--- Task objective ---
Nothing but the lines from the one containing "Chemical storage cupboard" to the final line of the entries should appear, copied exactly and without pictures.

═════ Data to process ═════

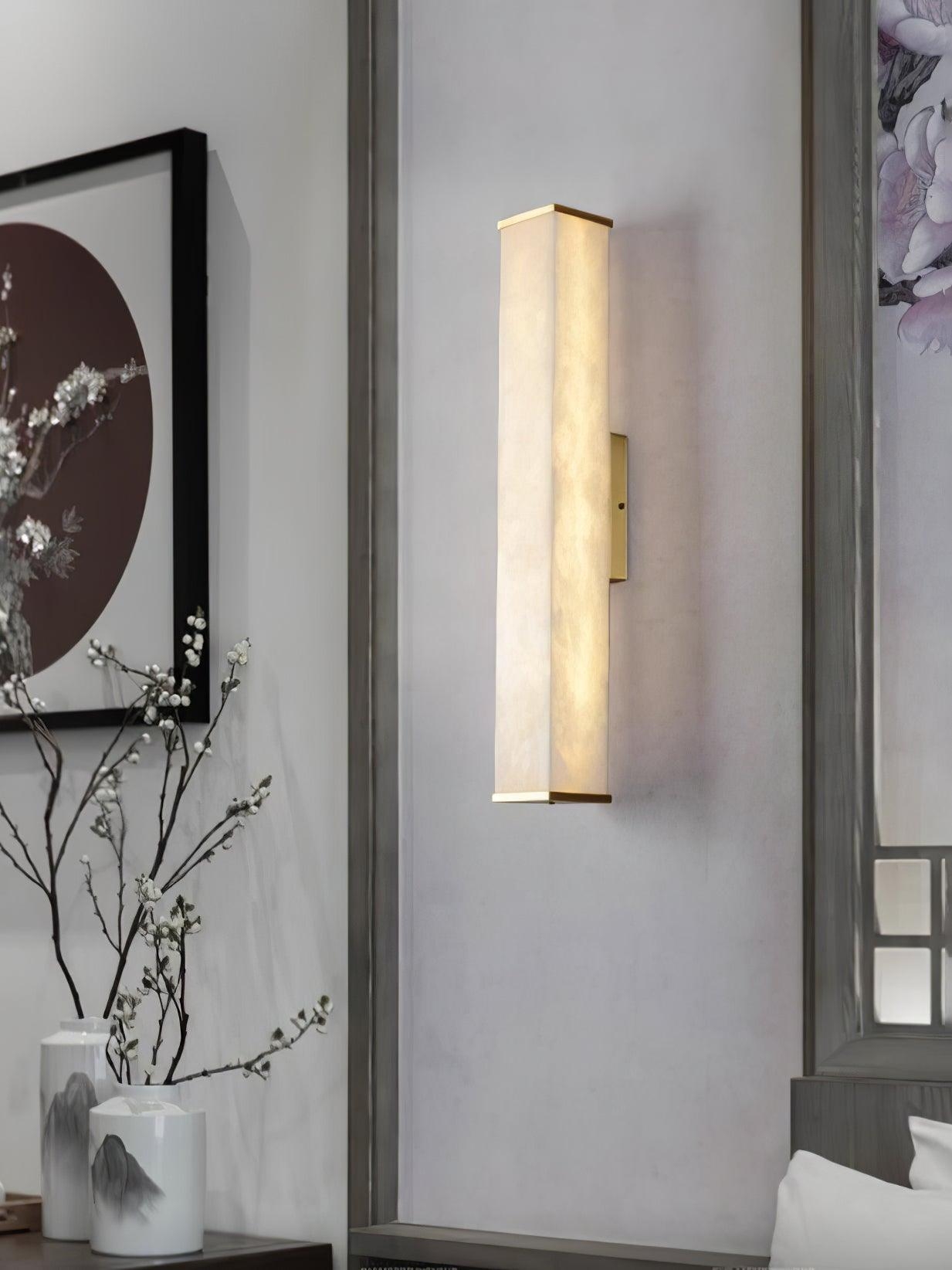 Cuboid Alabaster Wall Light D398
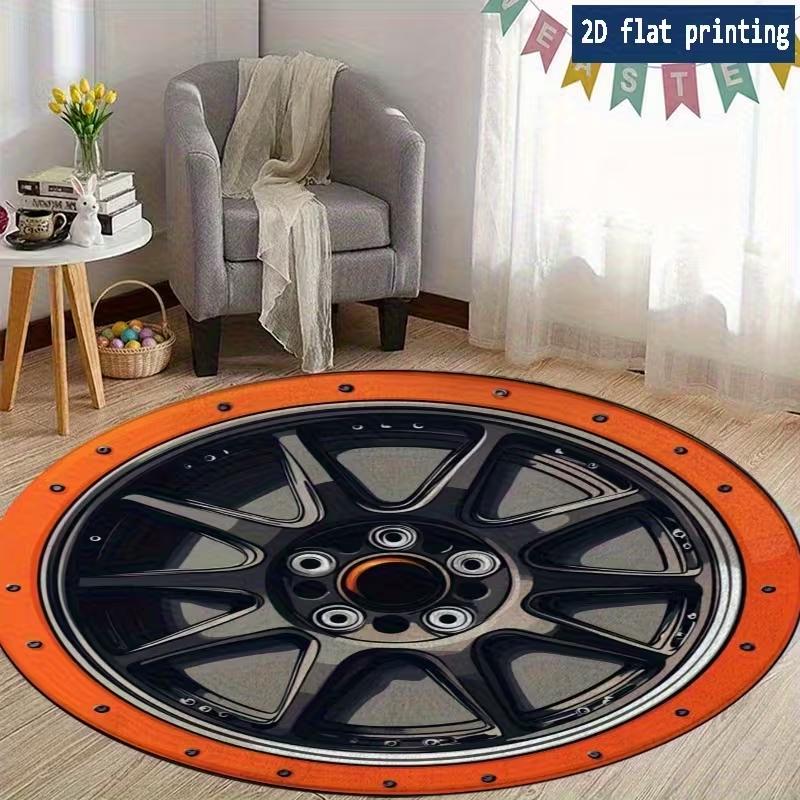 

Circular Cartoon Wheel Rim Stylish Round Mat for Living Room Bedroom Dining Room Inviting Mother s Day Decor Easter Spring Decor 80cm x 80cm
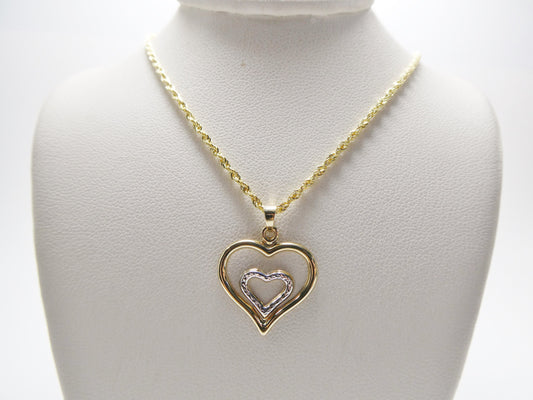 14k real solid yellow gold two tone double heart pendent and robe necklace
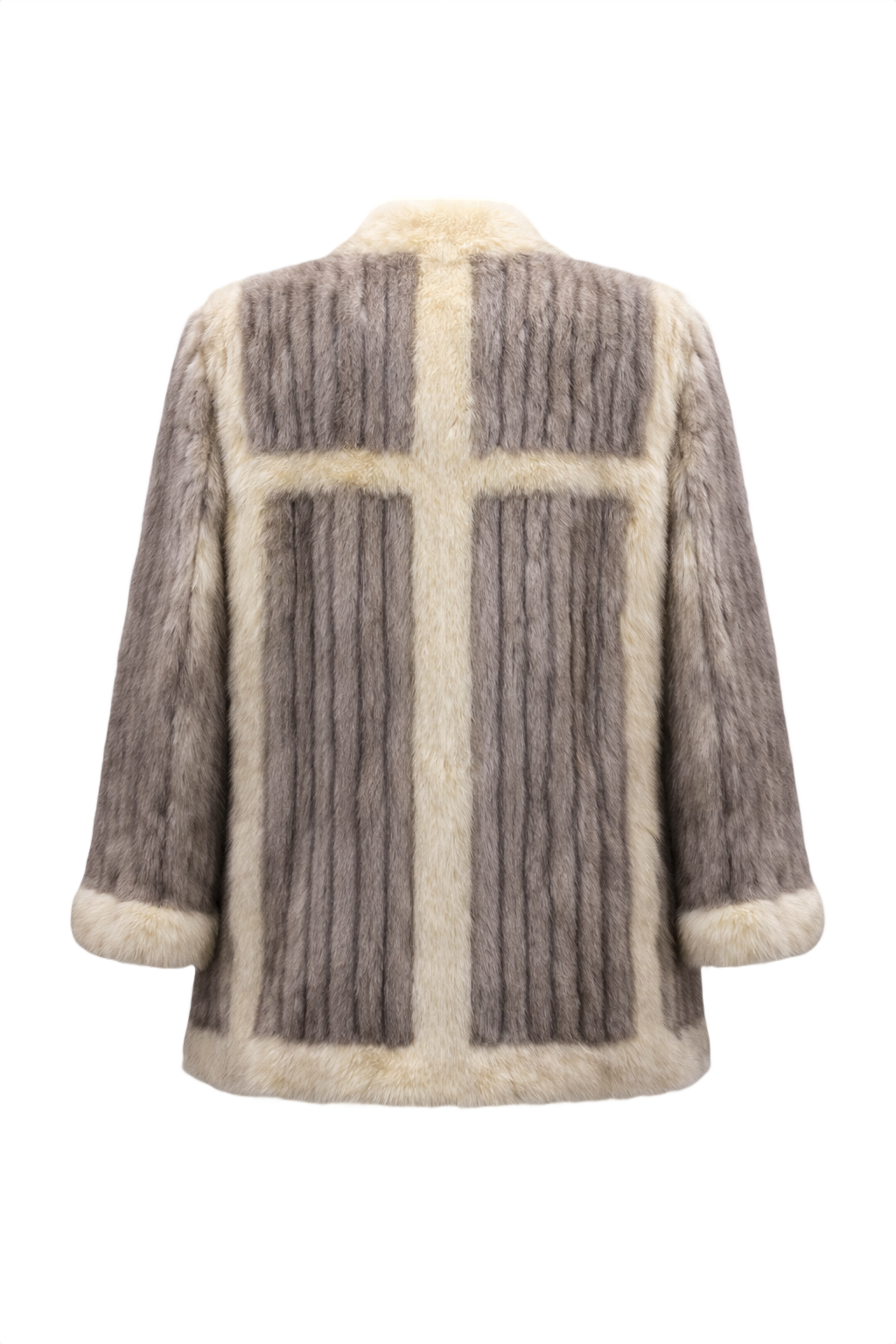 1980s Grey Fur Coat - Back View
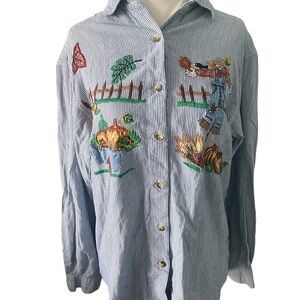 Casey & Max Whimsical Fall Embroidered Buttton up
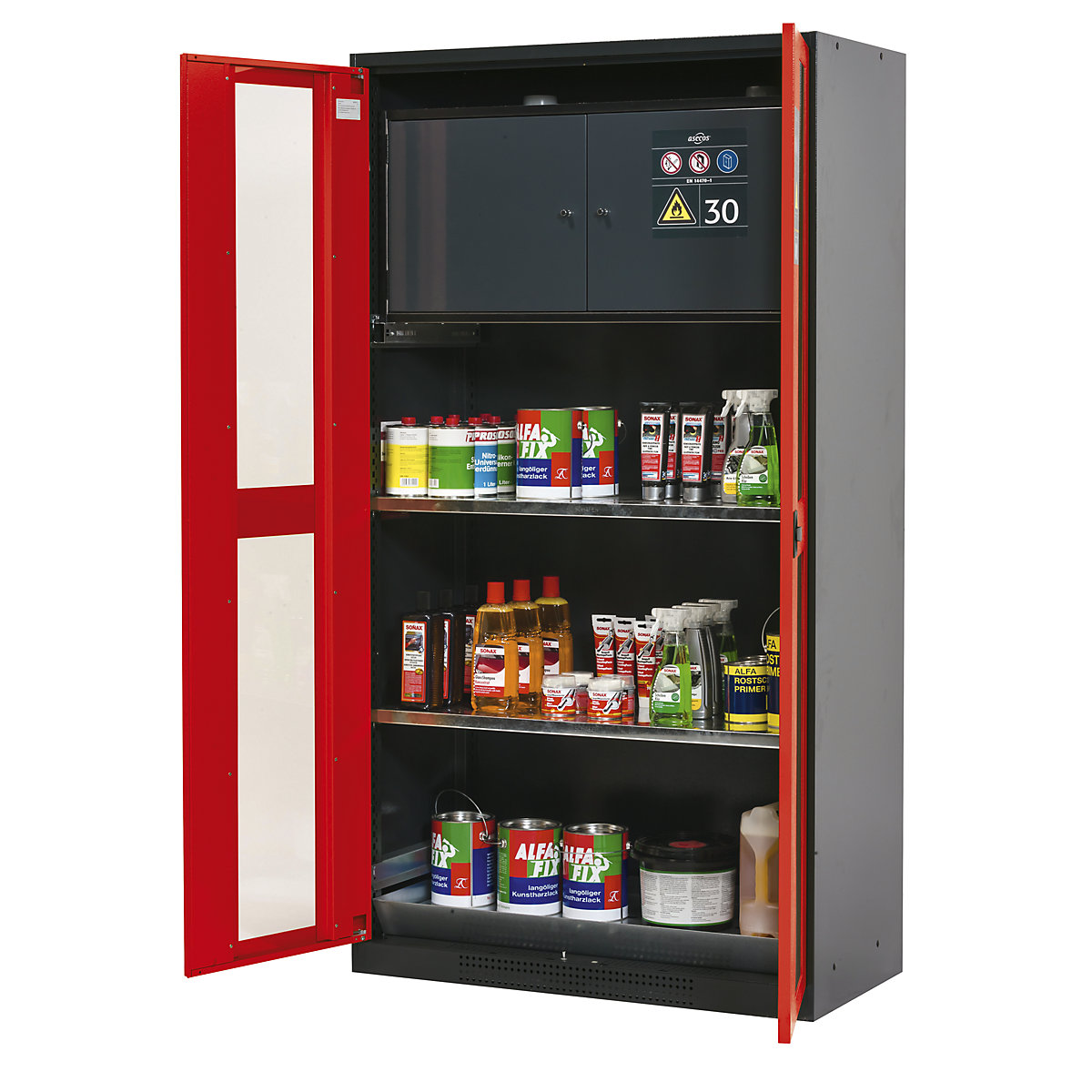 Chemical storage cupboard – asecos, door with vision panels, with type 30 hazardous goods storage box, traffic red-3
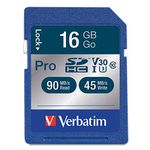 Verbatim 16GB Pro 600X SDHC Memory Card, UHS-1 U3 Class 10-98046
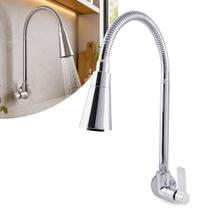 Torneira Cozinha Gourmet de Parede Corpo 3/4 Alta Vazão Cano Flexível Duplo Jato Bruen C-17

═════

--- Exercise output ---
 Chemical storage cupboard – asecos, door with vision panels, with type 30 hazardous goods storage box, traffic red-3
 Verbatim 16GB Pro 600X SDHC Memory Card, UHS-1 U3 Class 10-98046
 Torneira Cozinha Gourmet de Parede Corpo 3/4 Alta Vazão Cano Flexível Duplo Jato Bruen C-17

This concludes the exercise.